I am willing to work on this since I have made custom forks already, but I need to know a direction in which to go. I don’t really know hal very well and I am still new to ros2. Given my inexperience and now that I know what is happening and that it does not seem too dangerous, I will probably just clean up the shared memory and kill the zombie nodes for the time being. But here are the potential fixes I thought of:
- change the hal ros nodes/components to instead signal outside hal that they are now ready, perhaps through ros mechanisms or through signals. Then the launch file never becomes a hal component and therefore never gets sigtermed. I also wonder if the built in ros concept of lifecycle nodes and the launch lifecycle manager has enough overlap to replace the launch aspects of hal_ros_control? So if hal_mgr and hw_device_mgr were lifecycle nodes, would that be sufficient? But either of these options is a major redesign.

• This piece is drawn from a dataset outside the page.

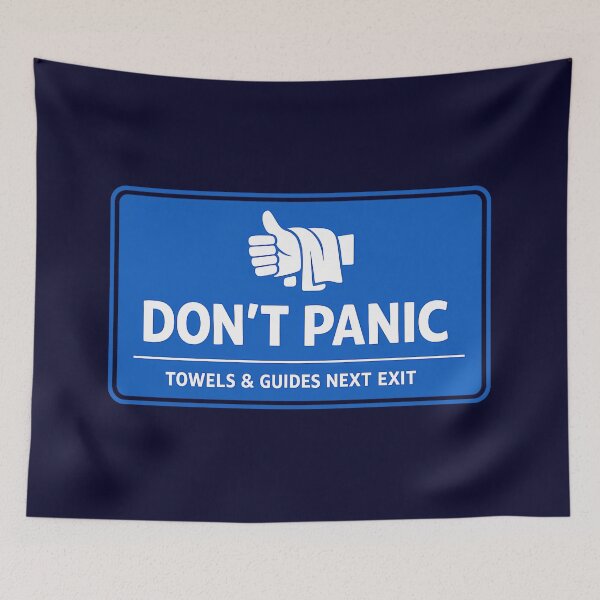 Item preview, Don't Panic Hitchhikers Information Road Sign designed and sold by agearb.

- do the is_ready check in a subprocess instead of the launch. IIRC, this is more what the ROS 1 version did. Then that subprocess becomes a hal component and we don’t care if it gets a sigterm because it does not effect the other ros nodes. But would that mean that the new subprocess spawns the hal nodes? Would those hal nodes still get the sigint from the launch if they are subprocesses of a subprocess of the launch?
- edit the launch file somehow to make sure that all normal ROS nodes are done shutting down before starting to stop the realtime node from being killed. If launch files can start up in a defined order, then maybe they can stop in a defined order as well? But I am not that familiar with launch files and anyway you’d have to do this for every other launch file you made that uses hal stuff.
- add the ability to de-register/disconnect as a component in machinekit-hal. Then have the launch de-register itself after it is done launching, since it doesn’t look like it needs the hal connection after that. This modifies the upstream machinekit-hal, but I am already using zultron’s fork anyway. But I am not sure if this makes sense in hal.
- change how machinekit sigterms its components. Give components an opt out somehow? And then the launch file should opt out. Seems hacky.
@John_Morris, since you seem to be the expert in the ROS2 za6 stuff, it’d be great to get your opinion when you get a minute to look at this!
My za6 is now moving on jazzy/noble!!
All the code is pushed to my fork of tormach_za_ros2_drivers.
I didn’t do the demo stuff, but it’s in its own commit if you want to put that back.
Also, I had to build machinekit-hal and linuxcnc-ethercat from source, but all of that is in a separate commit for whenever the upstream of those for noble get released. Hopefully that’ll be an easier change since it’s all grouped together.